> **Exercise directions**:
Report the tally of lines in the material below that have the string "Black", with no other output.

┌─ Records supplied

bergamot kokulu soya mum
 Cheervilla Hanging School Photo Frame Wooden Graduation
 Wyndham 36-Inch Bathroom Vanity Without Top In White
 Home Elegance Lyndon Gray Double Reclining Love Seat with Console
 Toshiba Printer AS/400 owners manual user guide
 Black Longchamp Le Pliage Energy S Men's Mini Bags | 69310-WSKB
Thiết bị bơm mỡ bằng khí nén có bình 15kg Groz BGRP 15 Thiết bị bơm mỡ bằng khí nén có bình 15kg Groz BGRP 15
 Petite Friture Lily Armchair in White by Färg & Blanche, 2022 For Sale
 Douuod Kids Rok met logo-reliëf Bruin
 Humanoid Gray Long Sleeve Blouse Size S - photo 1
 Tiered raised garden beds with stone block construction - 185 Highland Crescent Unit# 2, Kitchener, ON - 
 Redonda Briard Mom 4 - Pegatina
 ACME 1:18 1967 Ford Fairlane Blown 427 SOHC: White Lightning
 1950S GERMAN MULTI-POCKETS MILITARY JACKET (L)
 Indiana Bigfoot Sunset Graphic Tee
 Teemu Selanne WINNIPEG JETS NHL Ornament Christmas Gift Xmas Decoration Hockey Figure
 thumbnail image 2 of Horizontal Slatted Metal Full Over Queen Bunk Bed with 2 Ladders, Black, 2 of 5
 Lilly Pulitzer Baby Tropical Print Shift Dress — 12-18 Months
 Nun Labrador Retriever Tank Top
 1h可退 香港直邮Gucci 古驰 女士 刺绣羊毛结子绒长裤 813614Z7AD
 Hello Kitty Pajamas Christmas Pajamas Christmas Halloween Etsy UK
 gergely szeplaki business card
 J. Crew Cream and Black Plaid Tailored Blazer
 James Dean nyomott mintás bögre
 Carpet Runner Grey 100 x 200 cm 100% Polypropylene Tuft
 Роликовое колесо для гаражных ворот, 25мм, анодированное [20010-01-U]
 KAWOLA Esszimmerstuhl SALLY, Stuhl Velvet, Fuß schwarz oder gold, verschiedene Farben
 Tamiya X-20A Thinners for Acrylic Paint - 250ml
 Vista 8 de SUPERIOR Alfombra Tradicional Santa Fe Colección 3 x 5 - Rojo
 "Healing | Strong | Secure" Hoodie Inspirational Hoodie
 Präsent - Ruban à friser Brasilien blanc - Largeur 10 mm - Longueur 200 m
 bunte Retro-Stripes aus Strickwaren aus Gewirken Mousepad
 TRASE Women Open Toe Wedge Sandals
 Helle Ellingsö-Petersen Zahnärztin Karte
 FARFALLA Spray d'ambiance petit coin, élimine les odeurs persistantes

└─

> **Your response**:
3